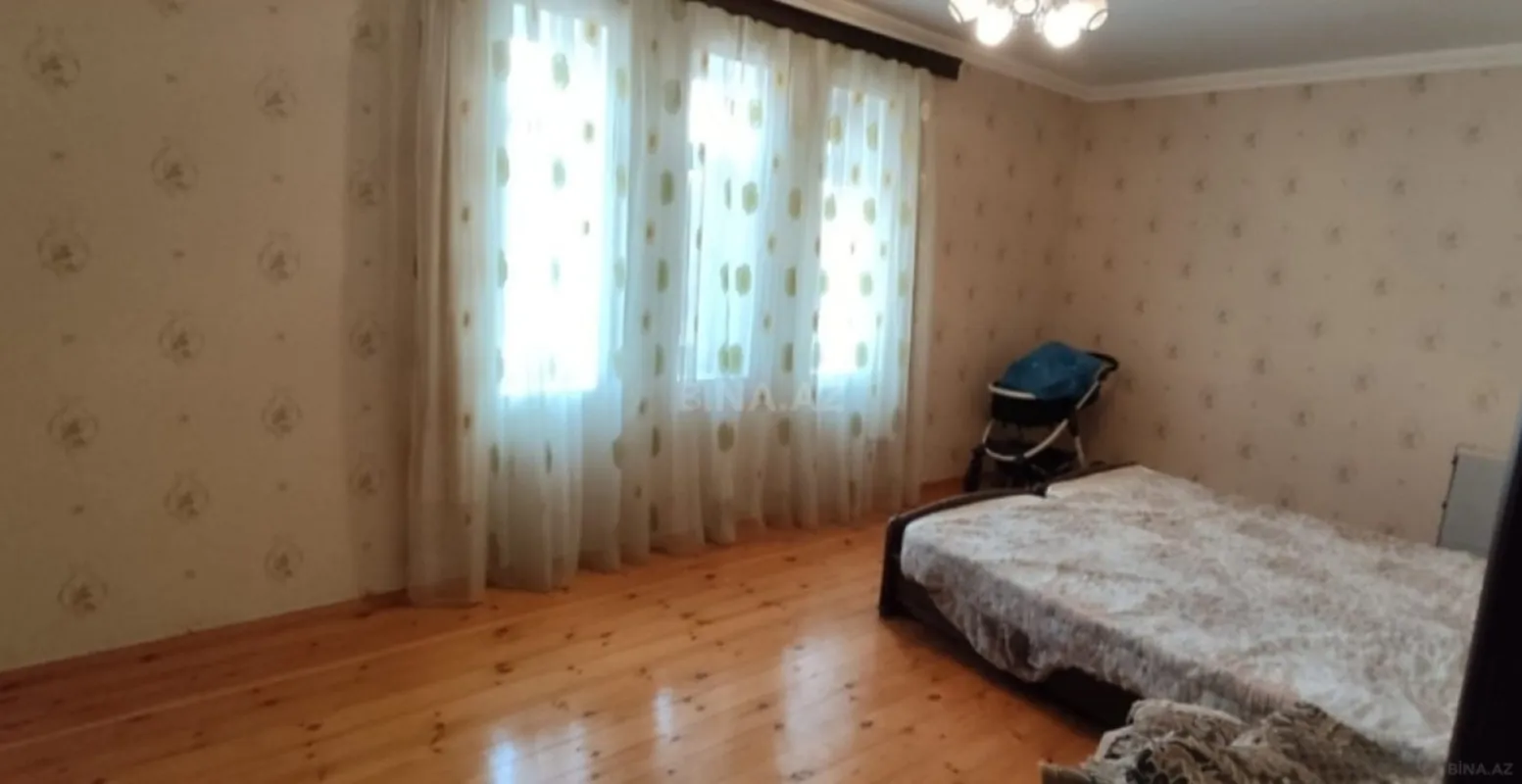 Satılır 3 otaqlı həyət evi 100 m²
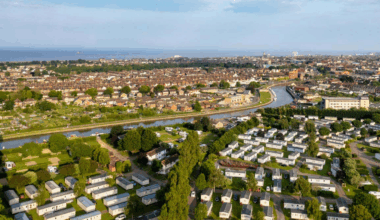 Das Vereinigte Königreich investiert 50 Millionen Pfund in die Modernisierung von zwei Freizeitparks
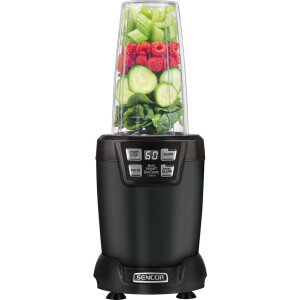 Product detail of Sencor SNB 6600BK nutri mixér, černá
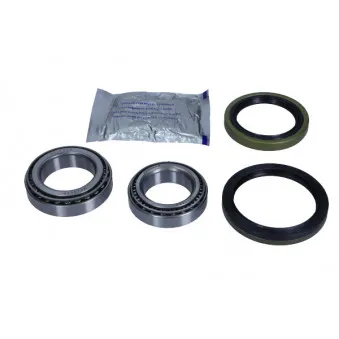 Roulement de roue arrière MAXGEAR 33-1089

Action item: Restate the whole listing word for word. Omit the pictures.

Answer space:
 Satılır 3 otaqlı həyət evi 100 m²
 Das Vereinigte Königreich investiert 50 Millionen Pfund in die Modernisierung von zwei Freizeitparks
 Product detail of Sencor SNB 6600BK nutri mixér, černá
 Roulement de roue arrière MAXGEAR 33-1089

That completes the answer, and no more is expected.